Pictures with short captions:
-------------------------
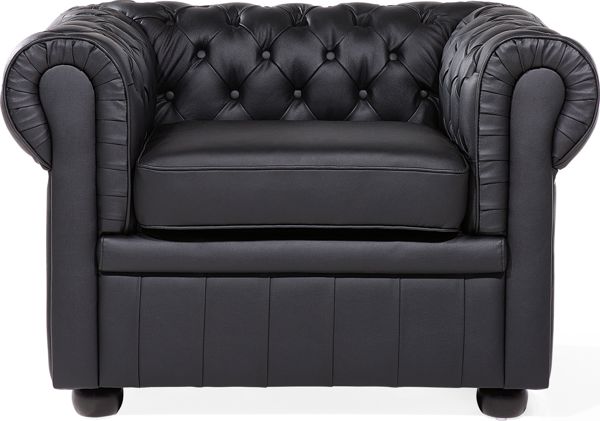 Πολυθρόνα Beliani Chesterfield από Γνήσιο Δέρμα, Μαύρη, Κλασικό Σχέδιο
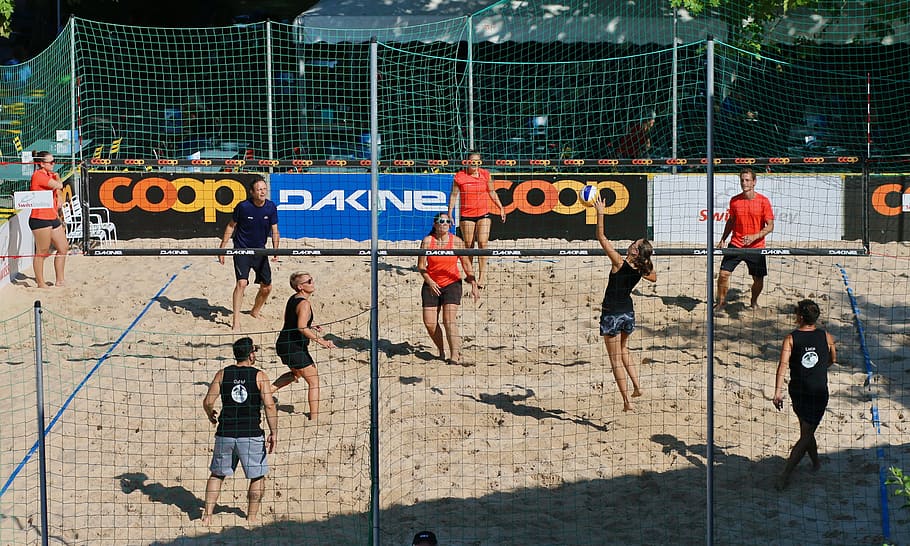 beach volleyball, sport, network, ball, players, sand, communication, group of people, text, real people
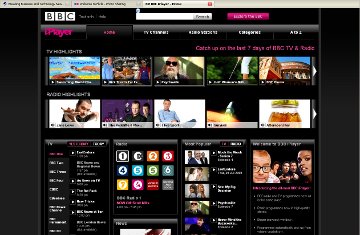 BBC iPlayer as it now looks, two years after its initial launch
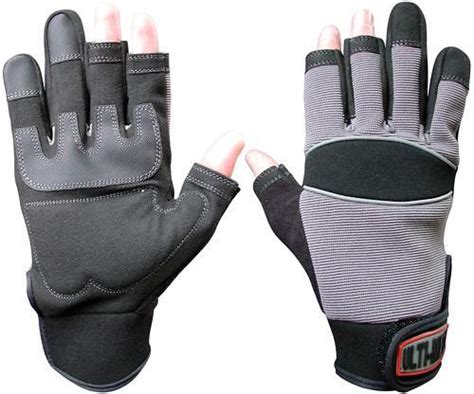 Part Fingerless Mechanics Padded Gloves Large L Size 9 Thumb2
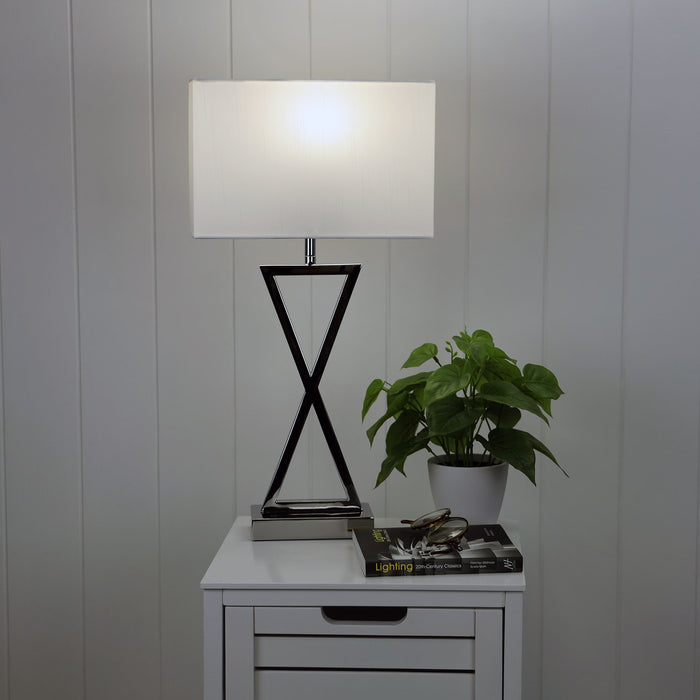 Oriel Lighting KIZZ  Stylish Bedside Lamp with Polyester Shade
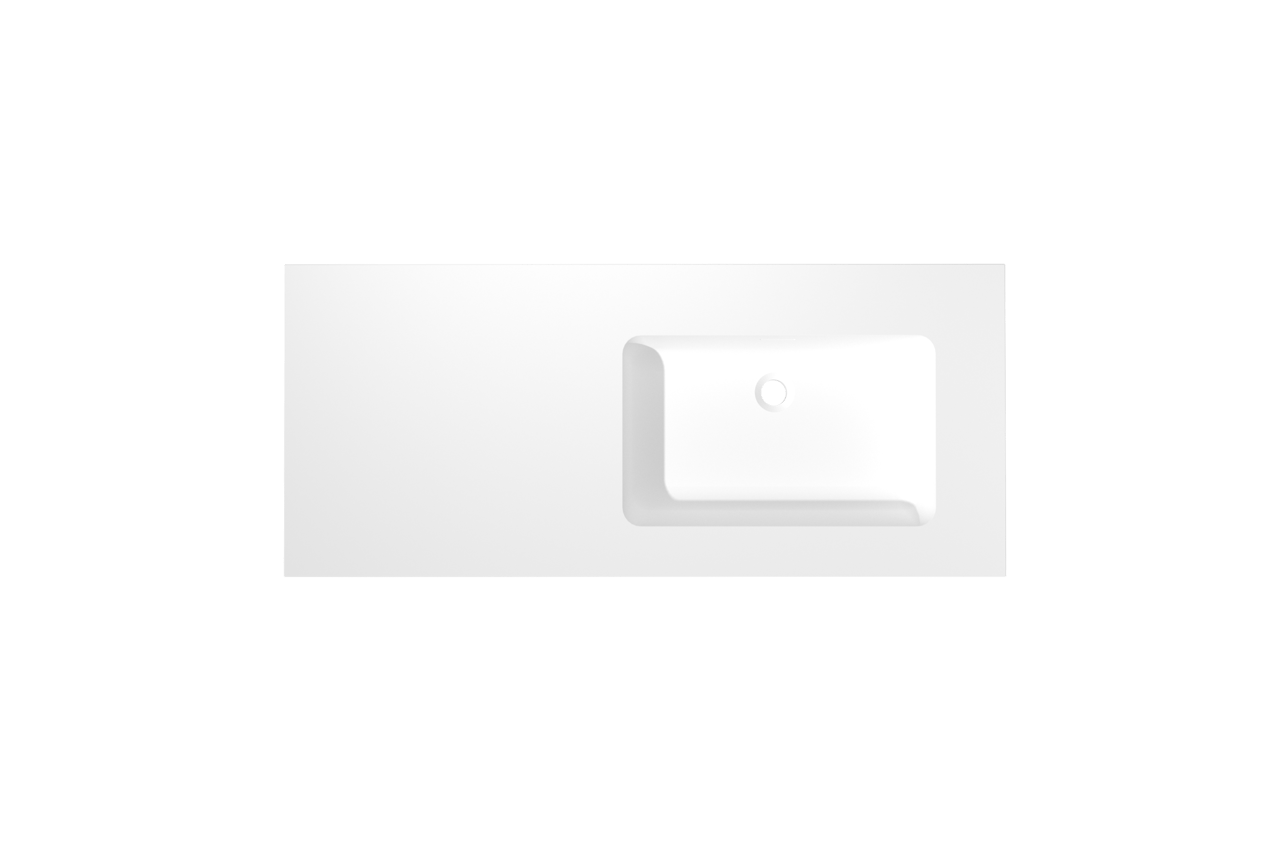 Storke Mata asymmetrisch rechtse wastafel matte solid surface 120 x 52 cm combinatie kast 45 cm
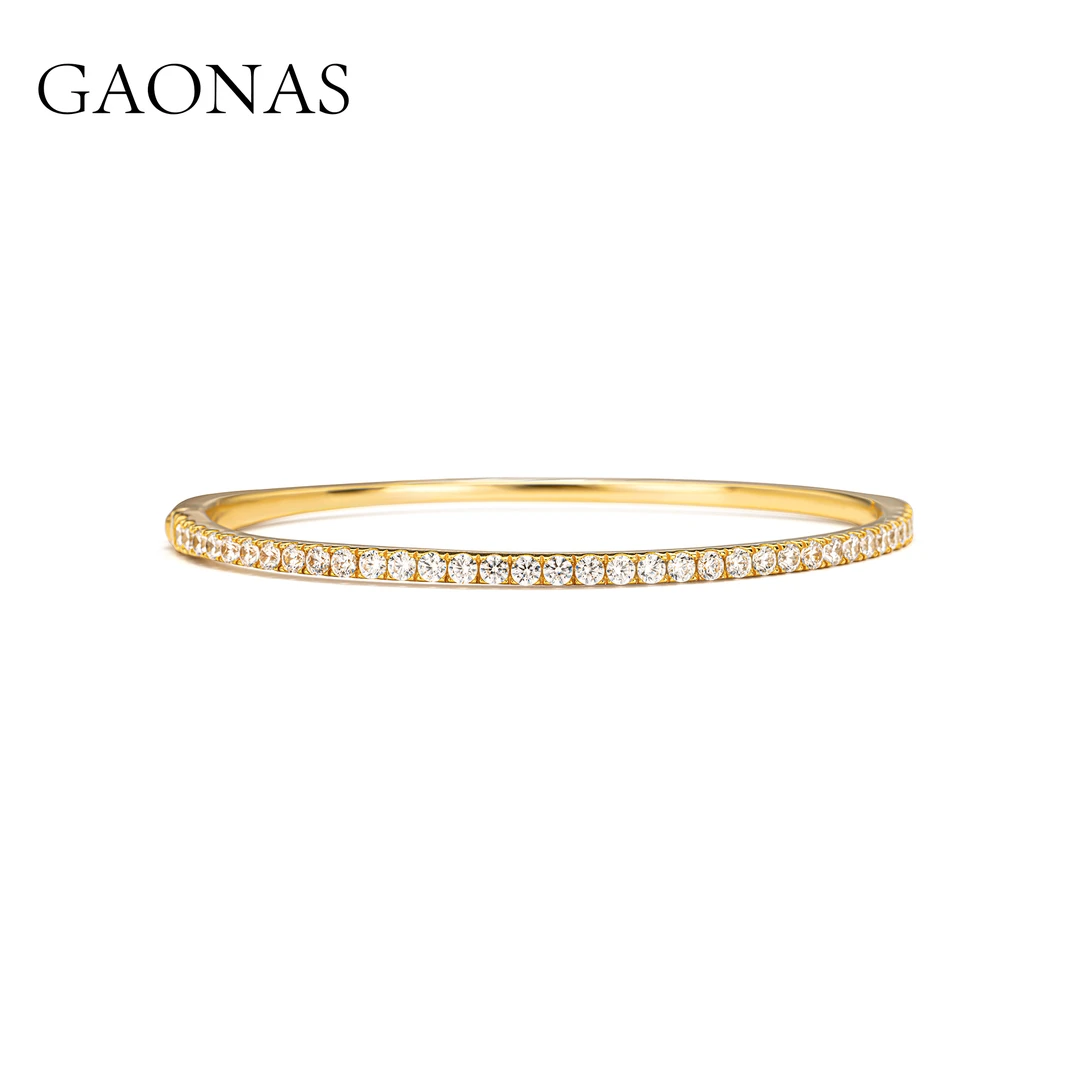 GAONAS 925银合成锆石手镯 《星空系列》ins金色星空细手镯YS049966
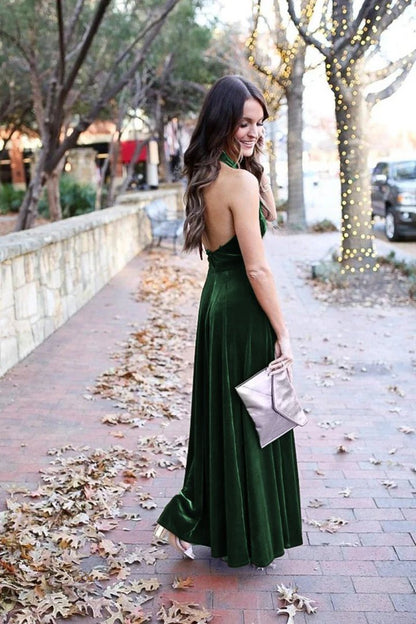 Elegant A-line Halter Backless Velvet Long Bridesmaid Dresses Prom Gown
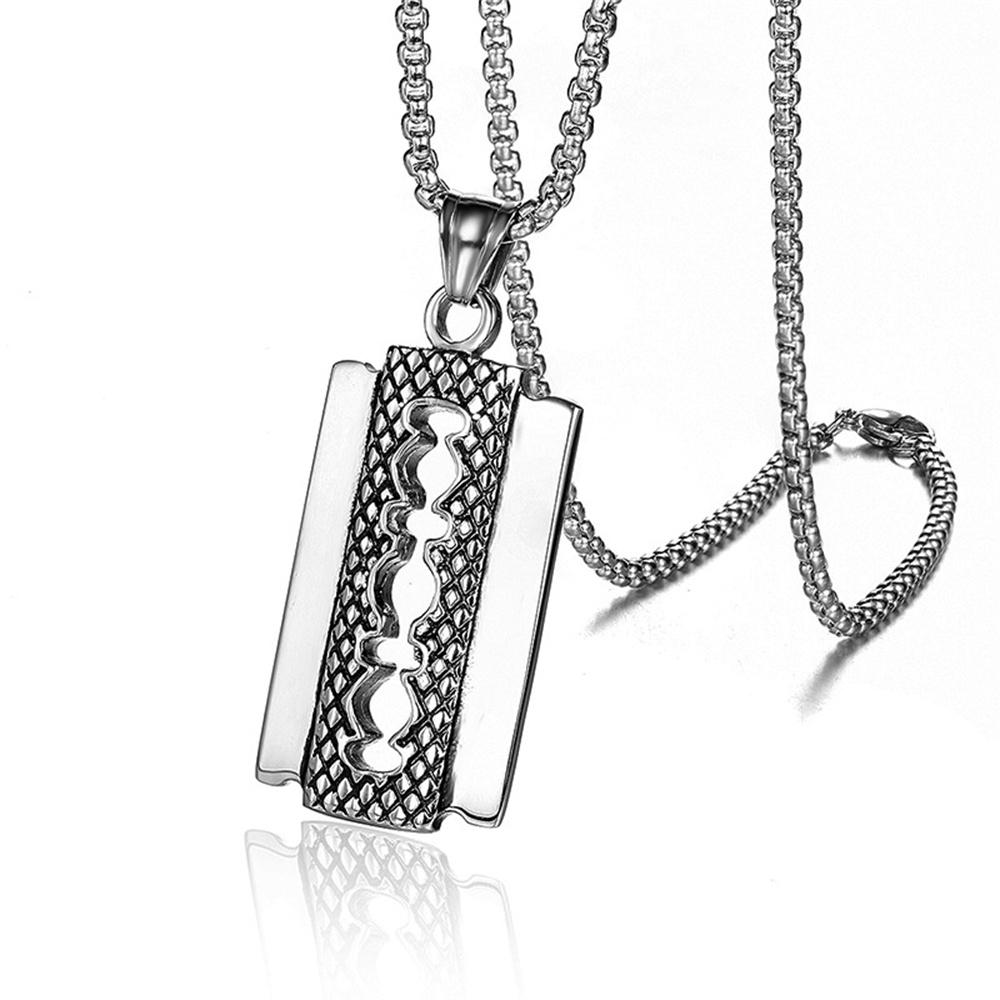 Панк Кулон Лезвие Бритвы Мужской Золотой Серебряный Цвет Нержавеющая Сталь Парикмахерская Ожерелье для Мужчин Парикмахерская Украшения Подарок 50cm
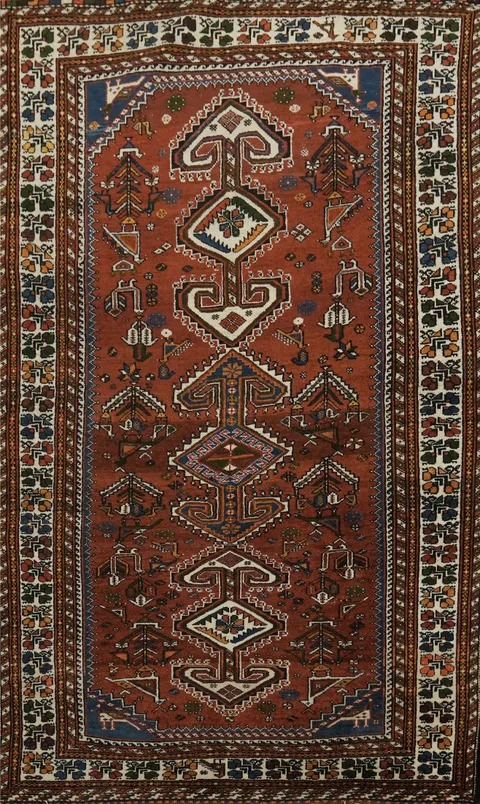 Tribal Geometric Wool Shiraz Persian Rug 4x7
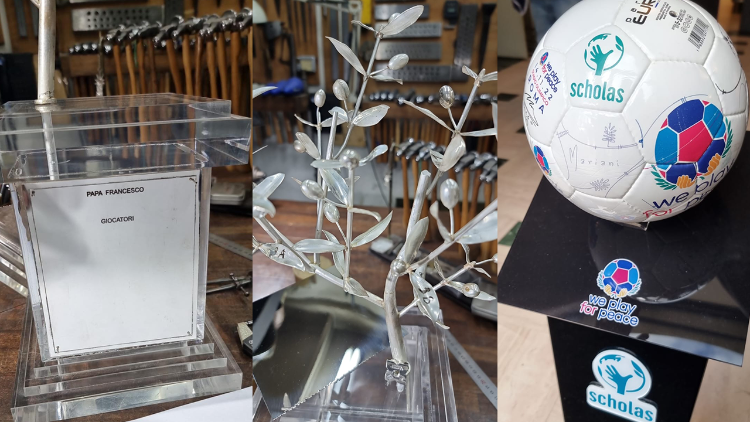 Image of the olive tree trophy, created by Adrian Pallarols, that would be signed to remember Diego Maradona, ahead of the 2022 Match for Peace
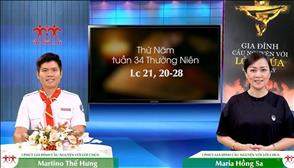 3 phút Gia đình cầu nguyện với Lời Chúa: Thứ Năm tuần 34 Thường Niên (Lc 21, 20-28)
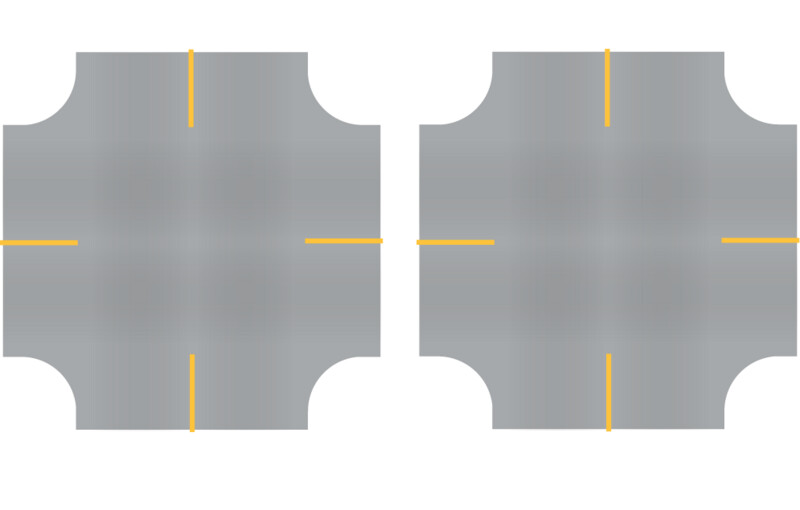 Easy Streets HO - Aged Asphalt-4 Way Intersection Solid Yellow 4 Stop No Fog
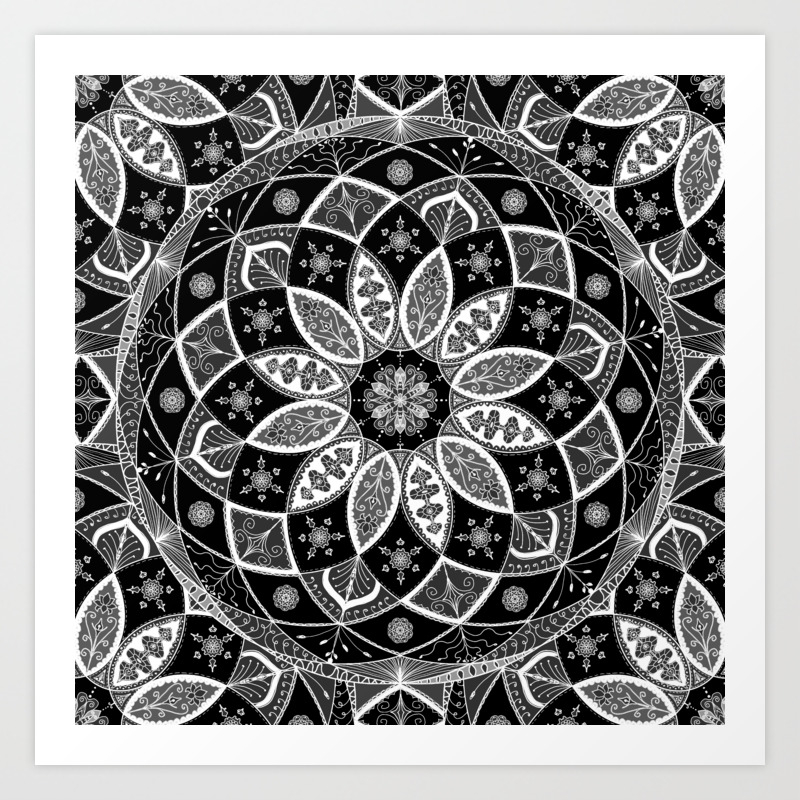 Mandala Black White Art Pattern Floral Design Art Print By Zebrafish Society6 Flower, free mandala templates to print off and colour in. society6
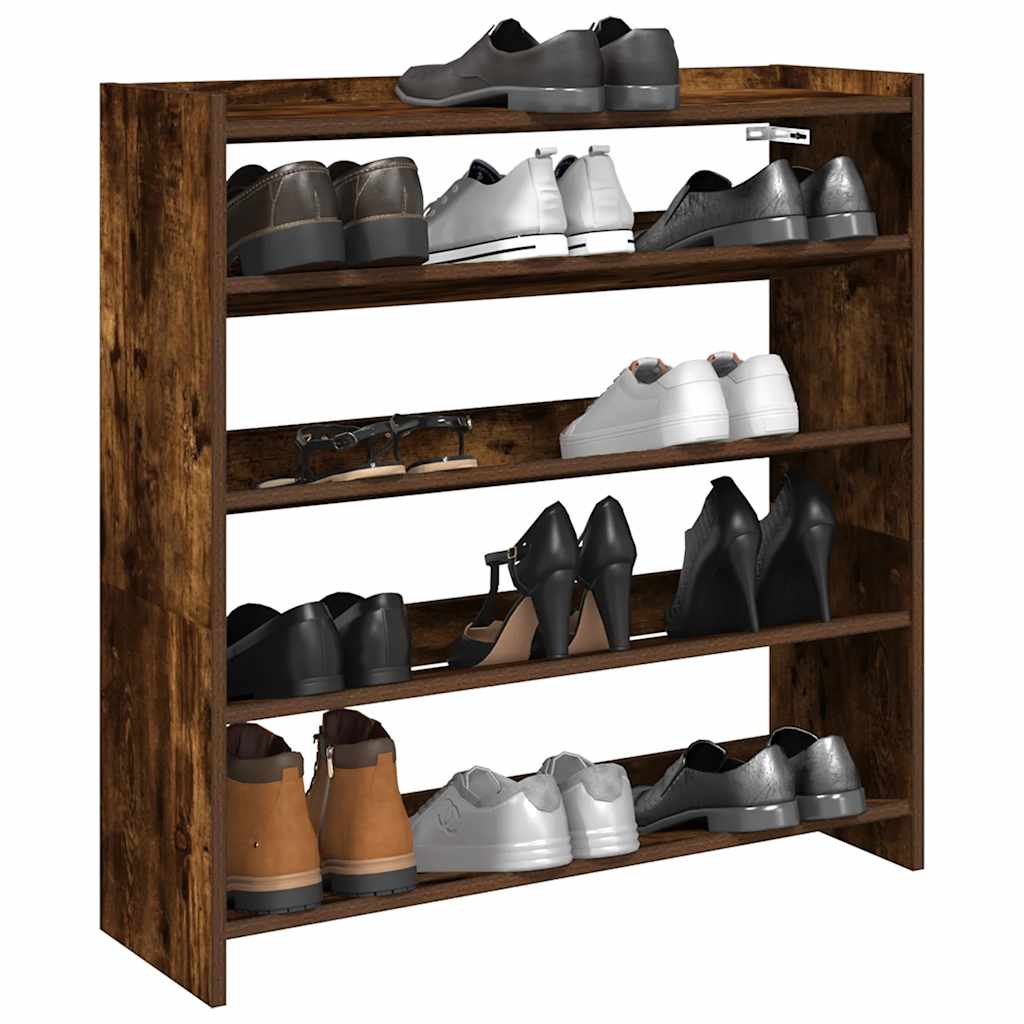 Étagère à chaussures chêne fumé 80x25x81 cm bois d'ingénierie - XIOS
-------------------------
* What the task asks *
The answer must be an exact copy of the records, with no images in it.

* Solution below *
 Πολυθρόνα Beliani Chesterfield από Γνήσιο Δέρμα, Μαύρη, Κλασικό Σχέδιο
 beach volleyball, sport, network, ball, players, sand, communication, group of people, text, real people
 BBC iPlayer as it now looks, two years after its initial launch
 Part Fingerless Mechanics Padded Gloves Large L Size 9 Thumb2
 Oriel Lighting KIZZ  Stylish Bedside Lamp with Polyester Shade
 Storke Mata asymmetrisch rechtse wastafel matte solid surface 120 x 52 cm combinatie kast 45 cm
 GAONAS 925银合成锆石手镯 《星空系列》ins金色星空细手镯YS049966
 Elegant A-line Halter Backless Velvet Long Bridesmaid Dresses Prom Gown
 Панк Кулон Лезвие Бритвы Мужской Золотой Серебряный Цвет Нержавеющая Сталь Парикмахерская Ожерелье для Мужчин Парикмахерская Украшения Подарок 50cm
 Tribal Geometric Wool Shiraz Persian Rug 4x7
 Image of the olive tree trophy, created by Adrian Pallarols, that would be signed to remember Diego Maradona, ahead of the 2022 Match for Peace
 3 phút Gia đình cầu nguyện với Lời Chúa: Thứ Năm tuần 34 Thường Niên (Lc 21, 20-28)
 Easy Streets HO - Aged Asphalt-4 Way Intersection Solid Yellow 4 Stop No Fog
 Mandala Black White Art Pattern Floral Design Art Print By Zebrafish Society6 Flower, free mandala templates to print off and colour in. society6
 Étagère à chaussures chêne fumé 80x25x81 cm bois d'ingénierie - XIOS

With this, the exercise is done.